DATA START
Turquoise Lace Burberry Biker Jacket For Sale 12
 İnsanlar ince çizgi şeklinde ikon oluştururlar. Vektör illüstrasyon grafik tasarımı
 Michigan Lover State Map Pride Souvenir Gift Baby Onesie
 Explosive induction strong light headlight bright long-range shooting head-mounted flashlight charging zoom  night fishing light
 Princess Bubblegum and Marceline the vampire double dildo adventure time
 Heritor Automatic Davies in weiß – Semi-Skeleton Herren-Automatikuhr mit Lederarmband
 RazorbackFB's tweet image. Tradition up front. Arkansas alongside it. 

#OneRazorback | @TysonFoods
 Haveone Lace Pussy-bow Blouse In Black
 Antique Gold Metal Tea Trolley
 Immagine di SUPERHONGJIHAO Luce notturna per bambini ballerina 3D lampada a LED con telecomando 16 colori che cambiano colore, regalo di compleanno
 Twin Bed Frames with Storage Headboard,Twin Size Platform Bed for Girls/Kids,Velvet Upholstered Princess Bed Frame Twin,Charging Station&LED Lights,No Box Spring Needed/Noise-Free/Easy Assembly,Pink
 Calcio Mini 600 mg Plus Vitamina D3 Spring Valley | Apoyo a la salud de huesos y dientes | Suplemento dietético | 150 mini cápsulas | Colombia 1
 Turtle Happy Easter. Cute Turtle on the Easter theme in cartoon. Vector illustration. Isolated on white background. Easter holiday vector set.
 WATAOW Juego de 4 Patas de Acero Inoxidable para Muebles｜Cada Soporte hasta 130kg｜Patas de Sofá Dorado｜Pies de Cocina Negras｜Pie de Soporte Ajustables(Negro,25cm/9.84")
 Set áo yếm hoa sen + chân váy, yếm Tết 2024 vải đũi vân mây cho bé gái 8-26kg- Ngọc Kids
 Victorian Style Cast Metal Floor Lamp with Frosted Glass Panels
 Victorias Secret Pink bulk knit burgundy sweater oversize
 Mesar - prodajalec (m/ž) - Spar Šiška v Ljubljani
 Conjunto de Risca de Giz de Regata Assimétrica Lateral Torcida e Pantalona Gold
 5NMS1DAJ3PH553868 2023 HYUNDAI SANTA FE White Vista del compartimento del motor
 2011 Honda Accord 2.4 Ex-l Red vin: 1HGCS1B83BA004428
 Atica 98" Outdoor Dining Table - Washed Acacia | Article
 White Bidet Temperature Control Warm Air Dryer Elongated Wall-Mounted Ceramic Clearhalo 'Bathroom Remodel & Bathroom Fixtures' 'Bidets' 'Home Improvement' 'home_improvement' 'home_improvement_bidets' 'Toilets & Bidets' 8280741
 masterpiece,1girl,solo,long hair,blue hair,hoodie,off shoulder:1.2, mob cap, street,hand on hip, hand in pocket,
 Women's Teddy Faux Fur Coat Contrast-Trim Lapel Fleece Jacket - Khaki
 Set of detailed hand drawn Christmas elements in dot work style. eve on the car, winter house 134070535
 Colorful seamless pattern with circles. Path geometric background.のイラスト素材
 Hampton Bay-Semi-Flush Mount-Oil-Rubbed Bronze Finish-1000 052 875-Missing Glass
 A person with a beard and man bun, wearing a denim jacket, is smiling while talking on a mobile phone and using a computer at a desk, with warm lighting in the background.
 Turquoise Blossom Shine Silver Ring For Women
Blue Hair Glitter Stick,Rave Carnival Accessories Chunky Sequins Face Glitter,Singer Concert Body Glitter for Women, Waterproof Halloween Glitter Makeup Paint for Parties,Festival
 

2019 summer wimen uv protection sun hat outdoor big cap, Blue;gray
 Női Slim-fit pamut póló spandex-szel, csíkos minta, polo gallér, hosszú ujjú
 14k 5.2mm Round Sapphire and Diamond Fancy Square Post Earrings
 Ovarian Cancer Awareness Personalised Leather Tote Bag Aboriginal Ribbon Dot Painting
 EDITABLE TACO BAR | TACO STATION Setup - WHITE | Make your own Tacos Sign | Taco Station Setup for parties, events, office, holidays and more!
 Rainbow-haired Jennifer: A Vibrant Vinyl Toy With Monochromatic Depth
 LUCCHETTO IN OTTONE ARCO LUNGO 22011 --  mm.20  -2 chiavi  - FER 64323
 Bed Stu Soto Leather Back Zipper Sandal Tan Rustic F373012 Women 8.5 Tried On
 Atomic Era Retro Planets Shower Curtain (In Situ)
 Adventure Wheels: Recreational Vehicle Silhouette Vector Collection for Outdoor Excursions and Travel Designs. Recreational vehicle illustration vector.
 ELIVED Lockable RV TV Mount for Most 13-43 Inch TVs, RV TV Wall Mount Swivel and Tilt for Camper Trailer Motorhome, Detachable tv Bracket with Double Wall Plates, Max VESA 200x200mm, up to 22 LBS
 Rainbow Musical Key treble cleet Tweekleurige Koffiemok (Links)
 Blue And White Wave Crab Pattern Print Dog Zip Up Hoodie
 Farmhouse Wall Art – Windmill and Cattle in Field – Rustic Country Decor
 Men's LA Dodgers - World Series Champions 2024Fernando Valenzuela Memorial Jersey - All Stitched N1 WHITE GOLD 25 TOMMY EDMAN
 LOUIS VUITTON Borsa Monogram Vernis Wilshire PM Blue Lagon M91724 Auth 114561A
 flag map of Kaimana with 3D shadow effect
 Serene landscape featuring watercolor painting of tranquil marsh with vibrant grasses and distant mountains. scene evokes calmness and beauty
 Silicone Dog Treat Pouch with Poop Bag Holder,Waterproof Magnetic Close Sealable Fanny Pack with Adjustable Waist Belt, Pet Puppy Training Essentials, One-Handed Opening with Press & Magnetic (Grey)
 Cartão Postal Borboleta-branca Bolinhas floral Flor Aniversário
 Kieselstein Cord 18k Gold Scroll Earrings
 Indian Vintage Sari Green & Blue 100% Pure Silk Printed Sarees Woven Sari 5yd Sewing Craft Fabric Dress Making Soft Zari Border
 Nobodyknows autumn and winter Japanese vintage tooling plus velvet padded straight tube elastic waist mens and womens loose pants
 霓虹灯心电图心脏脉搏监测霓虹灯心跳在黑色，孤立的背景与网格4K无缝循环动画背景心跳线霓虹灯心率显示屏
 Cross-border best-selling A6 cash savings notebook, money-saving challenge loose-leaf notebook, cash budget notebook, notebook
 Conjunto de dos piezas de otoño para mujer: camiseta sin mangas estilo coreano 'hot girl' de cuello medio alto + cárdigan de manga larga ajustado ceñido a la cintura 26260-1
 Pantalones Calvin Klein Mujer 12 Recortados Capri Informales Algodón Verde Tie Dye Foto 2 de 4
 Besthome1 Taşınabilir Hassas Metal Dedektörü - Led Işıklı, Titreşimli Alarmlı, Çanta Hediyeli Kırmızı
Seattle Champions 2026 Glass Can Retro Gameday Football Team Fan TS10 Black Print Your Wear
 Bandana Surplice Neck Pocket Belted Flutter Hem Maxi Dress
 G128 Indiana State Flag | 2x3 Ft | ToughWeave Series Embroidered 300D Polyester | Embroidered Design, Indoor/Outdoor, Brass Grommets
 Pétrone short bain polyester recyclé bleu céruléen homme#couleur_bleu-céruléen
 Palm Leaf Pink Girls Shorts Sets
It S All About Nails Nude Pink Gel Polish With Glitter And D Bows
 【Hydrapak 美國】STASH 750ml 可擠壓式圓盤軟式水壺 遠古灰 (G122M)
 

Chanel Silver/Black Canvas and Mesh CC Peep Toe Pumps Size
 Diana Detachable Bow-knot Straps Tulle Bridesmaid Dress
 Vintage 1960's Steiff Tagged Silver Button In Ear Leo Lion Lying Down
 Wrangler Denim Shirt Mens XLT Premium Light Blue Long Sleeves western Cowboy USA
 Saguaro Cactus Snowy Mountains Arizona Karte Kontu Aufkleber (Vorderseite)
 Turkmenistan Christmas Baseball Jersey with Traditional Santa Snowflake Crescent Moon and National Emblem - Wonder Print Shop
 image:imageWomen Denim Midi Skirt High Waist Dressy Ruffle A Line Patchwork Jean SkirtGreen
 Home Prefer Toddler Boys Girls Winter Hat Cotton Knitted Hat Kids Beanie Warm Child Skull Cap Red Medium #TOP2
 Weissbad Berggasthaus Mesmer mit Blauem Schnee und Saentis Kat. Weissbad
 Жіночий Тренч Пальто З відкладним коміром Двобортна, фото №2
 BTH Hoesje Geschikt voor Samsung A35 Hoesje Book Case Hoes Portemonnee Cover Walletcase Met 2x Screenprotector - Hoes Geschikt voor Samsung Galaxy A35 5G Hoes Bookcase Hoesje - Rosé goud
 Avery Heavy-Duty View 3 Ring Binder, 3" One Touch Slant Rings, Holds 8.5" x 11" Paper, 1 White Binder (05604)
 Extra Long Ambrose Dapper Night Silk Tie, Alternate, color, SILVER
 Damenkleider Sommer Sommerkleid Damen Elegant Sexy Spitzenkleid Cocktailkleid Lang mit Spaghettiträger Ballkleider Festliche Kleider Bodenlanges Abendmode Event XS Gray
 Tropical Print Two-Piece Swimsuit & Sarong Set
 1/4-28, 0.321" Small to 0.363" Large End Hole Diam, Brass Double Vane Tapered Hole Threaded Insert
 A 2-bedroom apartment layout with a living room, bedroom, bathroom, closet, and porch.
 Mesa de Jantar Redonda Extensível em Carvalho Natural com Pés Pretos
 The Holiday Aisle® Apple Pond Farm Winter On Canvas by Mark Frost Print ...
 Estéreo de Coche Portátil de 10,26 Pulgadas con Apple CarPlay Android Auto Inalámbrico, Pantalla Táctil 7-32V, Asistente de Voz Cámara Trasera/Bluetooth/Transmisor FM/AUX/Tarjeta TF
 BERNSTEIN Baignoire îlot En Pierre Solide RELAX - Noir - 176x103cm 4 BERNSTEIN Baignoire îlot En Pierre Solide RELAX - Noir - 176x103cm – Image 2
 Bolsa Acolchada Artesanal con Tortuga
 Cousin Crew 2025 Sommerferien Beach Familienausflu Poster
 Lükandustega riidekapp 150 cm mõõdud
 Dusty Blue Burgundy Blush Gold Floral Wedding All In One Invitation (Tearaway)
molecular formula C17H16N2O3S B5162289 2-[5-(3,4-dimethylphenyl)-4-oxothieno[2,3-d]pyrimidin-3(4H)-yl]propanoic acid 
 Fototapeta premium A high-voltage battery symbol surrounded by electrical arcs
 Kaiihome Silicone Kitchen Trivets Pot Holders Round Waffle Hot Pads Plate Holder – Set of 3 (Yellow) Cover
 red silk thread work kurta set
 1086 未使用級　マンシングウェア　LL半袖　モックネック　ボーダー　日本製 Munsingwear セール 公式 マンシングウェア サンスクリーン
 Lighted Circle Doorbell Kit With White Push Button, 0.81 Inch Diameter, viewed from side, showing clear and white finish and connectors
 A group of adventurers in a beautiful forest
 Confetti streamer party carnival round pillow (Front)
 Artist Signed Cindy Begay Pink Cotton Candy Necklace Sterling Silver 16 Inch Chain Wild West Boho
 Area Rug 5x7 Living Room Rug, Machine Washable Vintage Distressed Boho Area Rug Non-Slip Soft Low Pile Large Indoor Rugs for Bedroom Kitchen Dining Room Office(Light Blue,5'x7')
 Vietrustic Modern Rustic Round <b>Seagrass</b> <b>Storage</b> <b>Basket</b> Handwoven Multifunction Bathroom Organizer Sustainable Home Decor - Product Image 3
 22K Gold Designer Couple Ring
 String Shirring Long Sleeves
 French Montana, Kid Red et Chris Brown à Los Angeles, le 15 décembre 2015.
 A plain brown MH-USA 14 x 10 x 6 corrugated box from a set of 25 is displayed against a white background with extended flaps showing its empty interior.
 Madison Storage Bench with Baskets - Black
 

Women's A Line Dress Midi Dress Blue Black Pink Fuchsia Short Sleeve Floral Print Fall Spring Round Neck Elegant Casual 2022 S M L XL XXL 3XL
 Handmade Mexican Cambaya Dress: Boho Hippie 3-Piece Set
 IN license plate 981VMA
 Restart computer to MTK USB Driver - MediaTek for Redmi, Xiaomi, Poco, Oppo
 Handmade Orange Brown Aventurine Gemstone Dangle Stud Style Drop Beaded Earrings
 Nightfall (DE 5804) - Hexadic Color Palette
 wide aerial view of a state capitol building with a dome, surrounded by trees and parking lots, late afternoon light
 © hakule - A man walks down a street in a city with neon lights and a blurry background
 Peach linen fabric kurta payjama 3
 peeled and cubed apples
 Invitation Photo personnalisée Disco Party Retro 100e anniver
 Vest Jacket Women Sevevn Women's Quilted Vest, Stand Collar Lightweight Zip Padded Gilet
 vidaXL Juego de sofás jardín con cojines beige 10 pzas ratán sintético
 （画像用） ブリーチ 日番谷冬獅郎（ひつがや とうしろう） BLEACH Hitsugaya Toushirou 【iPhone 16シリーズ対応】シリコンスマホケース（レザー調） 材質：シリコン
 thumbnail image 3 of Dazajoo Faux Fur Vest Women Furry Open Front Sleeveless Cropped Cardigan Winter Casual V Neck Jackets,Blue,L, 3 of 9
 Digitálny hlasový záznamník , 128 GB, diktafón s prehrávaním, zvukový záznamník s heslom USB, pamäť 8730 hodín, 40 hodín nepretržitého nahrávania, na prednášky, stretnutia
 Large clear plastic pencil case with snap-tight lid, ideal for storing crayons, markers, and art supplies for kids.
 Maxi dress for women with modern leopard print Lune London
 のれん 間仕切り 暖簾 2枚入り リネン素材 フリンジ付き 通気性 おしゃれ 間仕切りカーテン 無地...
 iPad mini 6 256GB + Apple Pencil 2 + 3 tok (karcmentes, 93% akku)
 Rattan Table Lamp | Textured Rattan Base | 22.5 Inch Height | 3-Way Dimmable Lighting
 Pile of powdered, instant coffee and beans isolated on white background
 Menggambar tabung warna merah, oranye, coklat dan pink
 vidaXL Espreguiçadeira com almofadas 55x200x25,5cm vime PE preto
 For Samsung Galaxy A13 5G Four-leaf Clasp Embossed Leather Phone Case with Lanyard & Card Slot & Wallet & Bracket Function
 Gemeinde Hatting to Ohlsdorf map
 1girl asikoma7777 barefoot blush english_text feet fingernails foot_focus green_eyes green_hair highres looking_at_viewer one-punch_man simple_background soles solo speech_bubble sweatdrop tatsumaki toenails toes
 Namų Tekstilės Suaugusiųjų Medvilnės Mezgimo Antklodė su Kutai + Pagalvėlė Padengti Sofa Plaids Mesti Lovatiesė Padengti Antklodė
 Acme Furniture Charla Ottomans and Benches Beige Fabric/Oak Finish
DATA END
EXERCISE DESCRIPTION →
Every line above with the word "Champions" is to be copied out.

SOLUTION TO THE EXERCISE →
 Men's LA Dodgers - World Series Champions 2024Fernando Valenzuela Memorial Jersey - All Stitched N1 WHITE GOLD 25 TOMMY EDMAN
Seattle Champions 2026 Glass Can Retro Gameday Football Team Fan TS10 Black Print Your Wear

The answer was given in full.